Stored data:
----------
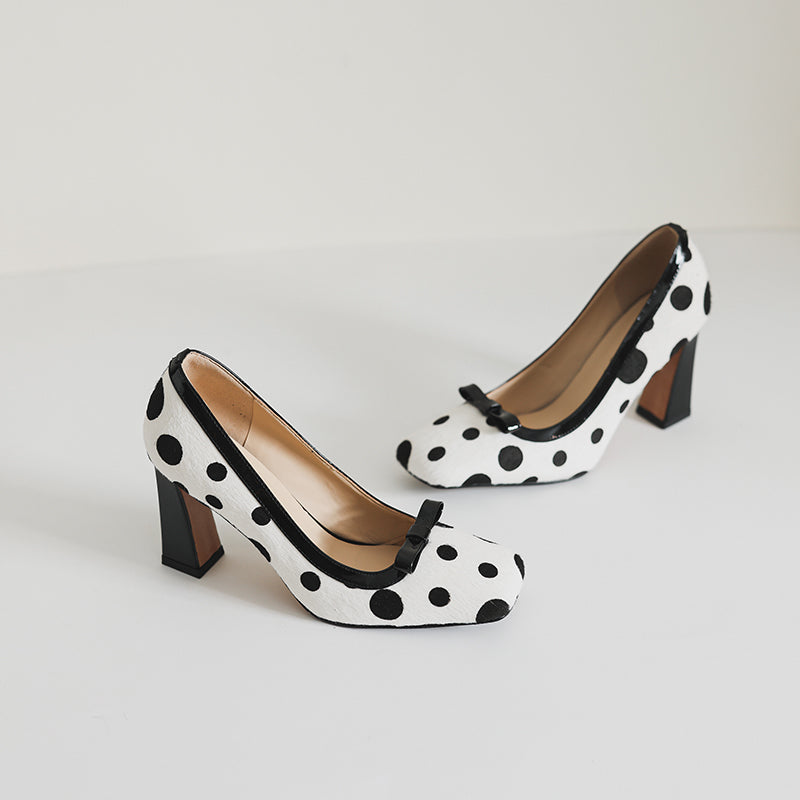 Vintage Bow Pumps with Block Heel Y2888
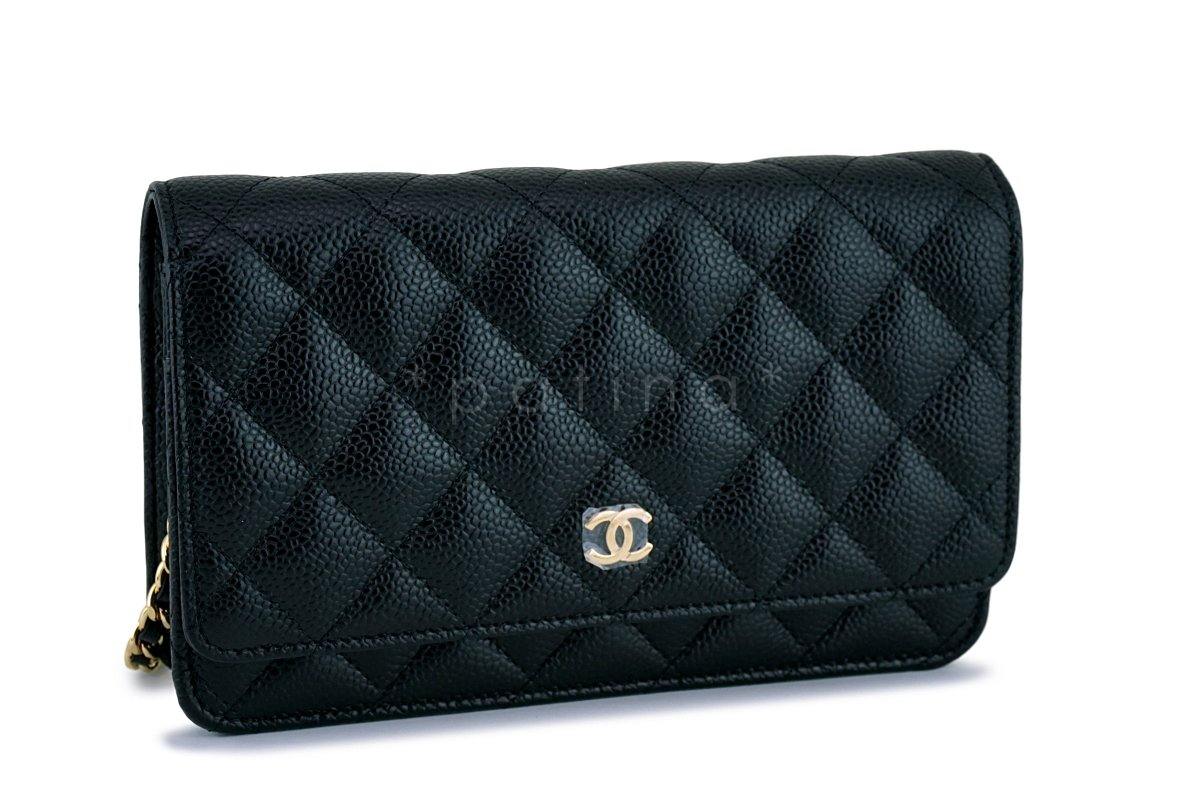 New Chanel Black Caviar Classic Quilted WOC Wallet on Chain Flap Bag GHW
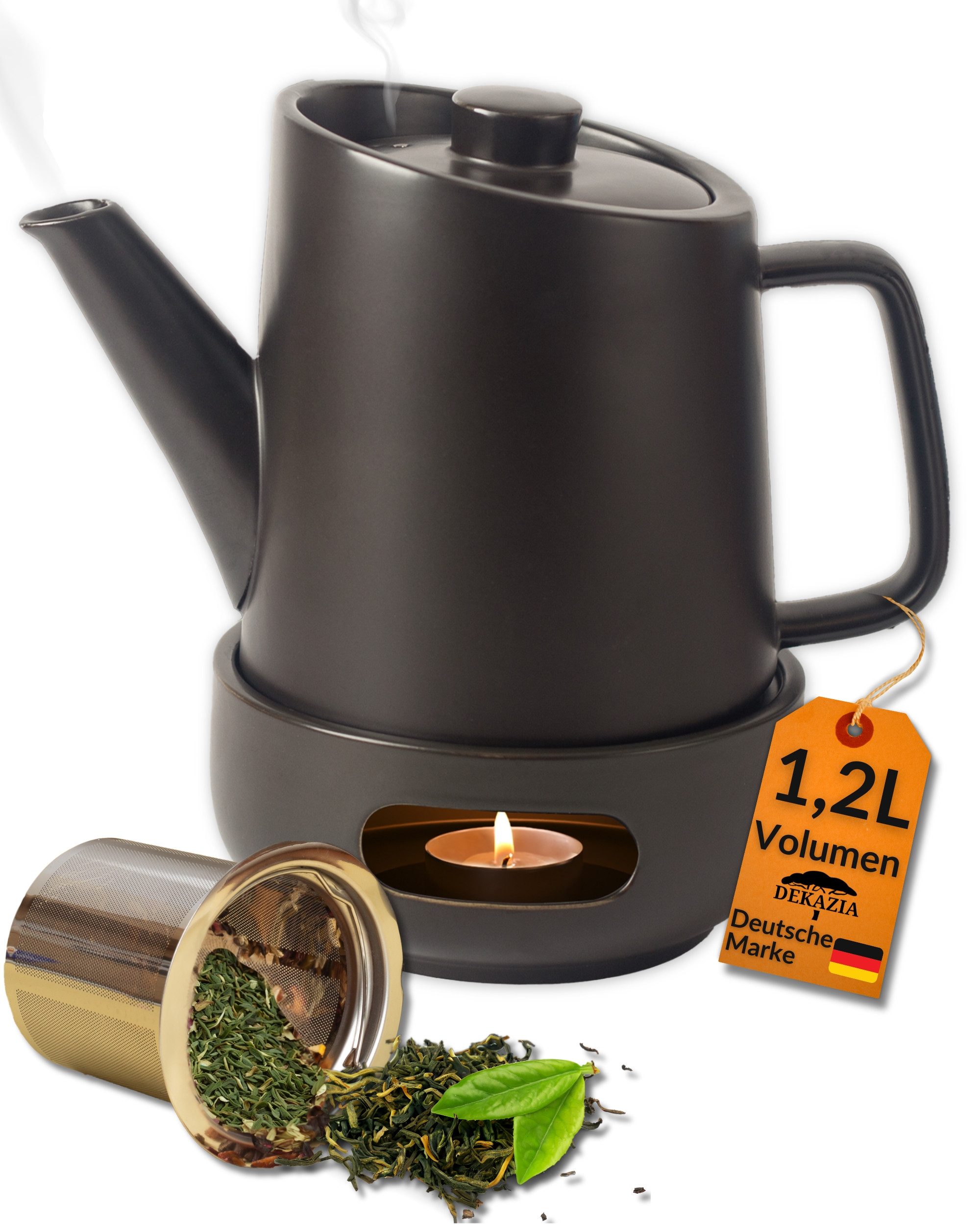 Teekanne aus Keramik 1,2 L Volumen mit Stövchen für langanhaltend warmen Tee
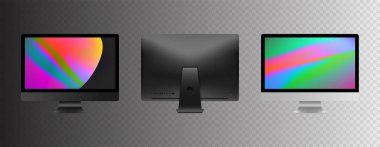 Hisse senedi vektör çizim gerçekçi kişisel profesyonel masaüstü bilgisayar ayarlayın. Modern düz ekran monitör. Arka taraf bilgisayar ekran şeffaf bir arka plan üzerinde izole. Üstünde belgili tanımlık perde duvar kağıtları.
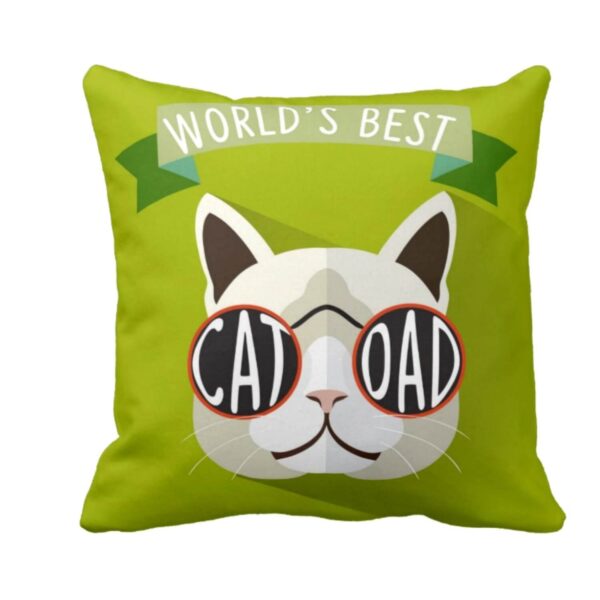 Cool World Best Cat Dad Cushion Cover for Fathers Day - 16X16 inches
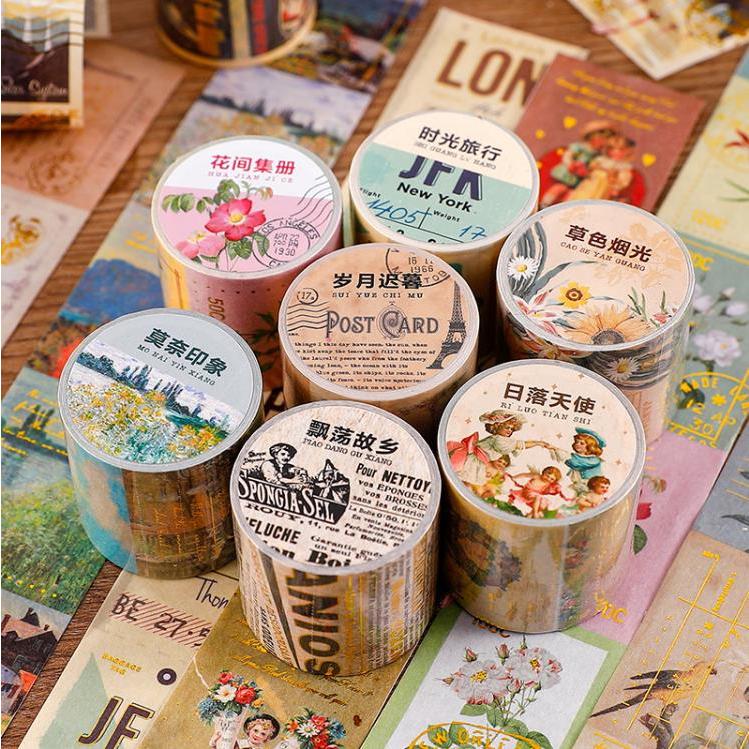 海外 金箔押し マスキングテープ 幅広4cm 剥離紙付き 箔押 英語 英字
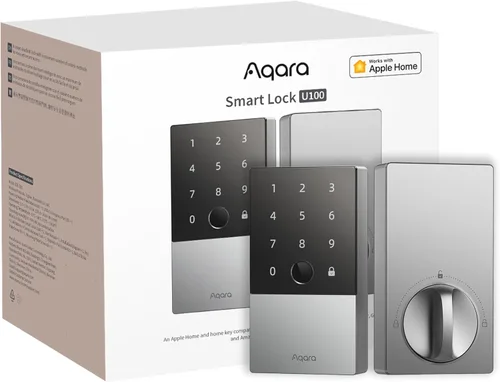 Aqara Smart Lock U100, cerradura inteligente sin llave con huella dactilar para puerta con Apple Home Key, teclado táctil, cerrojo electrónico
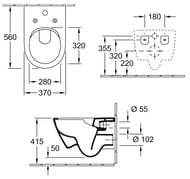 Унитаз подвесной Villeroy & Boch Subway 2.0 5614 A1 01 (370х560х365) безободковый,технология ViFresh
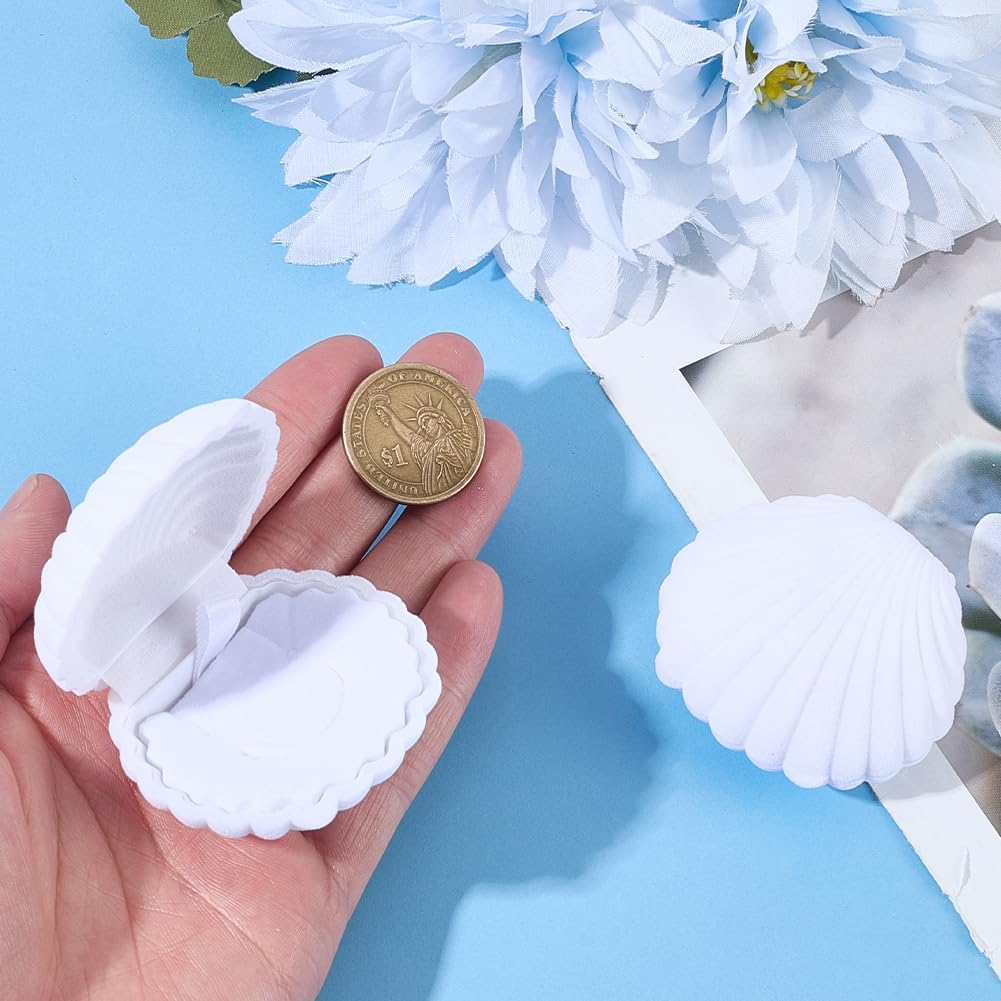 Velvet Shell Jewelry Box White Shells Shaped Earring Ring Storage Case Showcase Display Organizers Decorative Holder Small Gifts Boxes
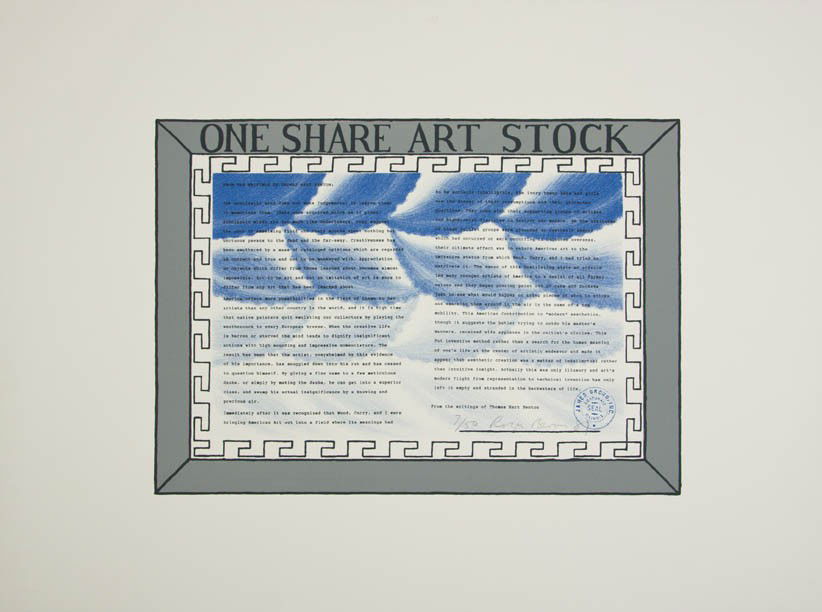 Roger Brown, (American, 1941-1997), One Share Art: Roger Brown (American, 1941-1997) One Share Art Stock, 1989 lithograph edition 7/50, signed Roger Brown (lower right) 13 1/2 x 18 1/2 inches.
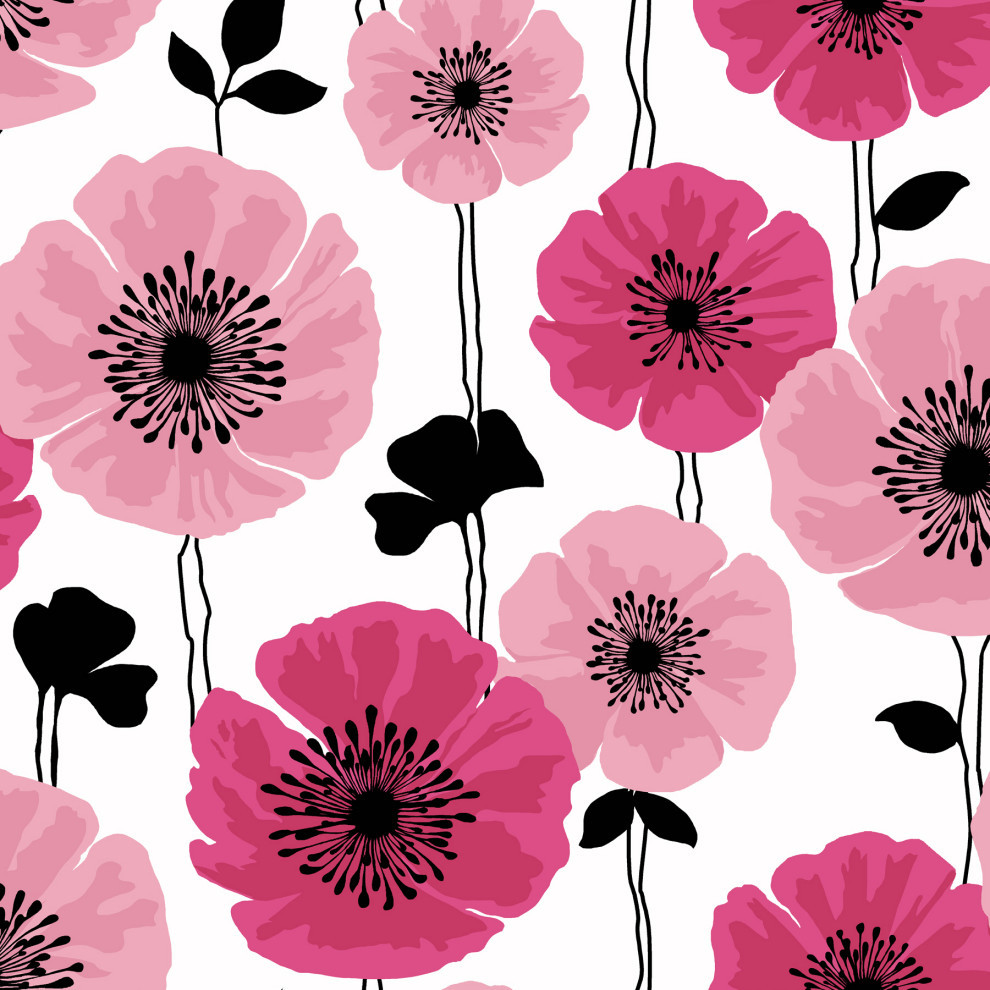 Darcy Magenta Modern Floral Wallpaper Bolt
----------
What you should do: Reproduce, with no pictures, the lines from the one containing "Velvet Shell Jewelry" to the end of the records above, exactly and inclusively.

Task solution:
 Velvet Shell Jewelry Box White Shells Shaped Earring Ring Storage Case Showcase Display Organizers Decorative Holder Small Gifts Boxes
 Roger Brown, (American, 1941-1997), One Share Art: Roger Brown (American, 1941-1997) One Share Art Stock, 1989 lithograph edition 7/50, signed Roger Brown (lower right) 13 1/2 x 18 1/2 inches.
 Darcy Magenta Modern Floral Wallpaper Bolt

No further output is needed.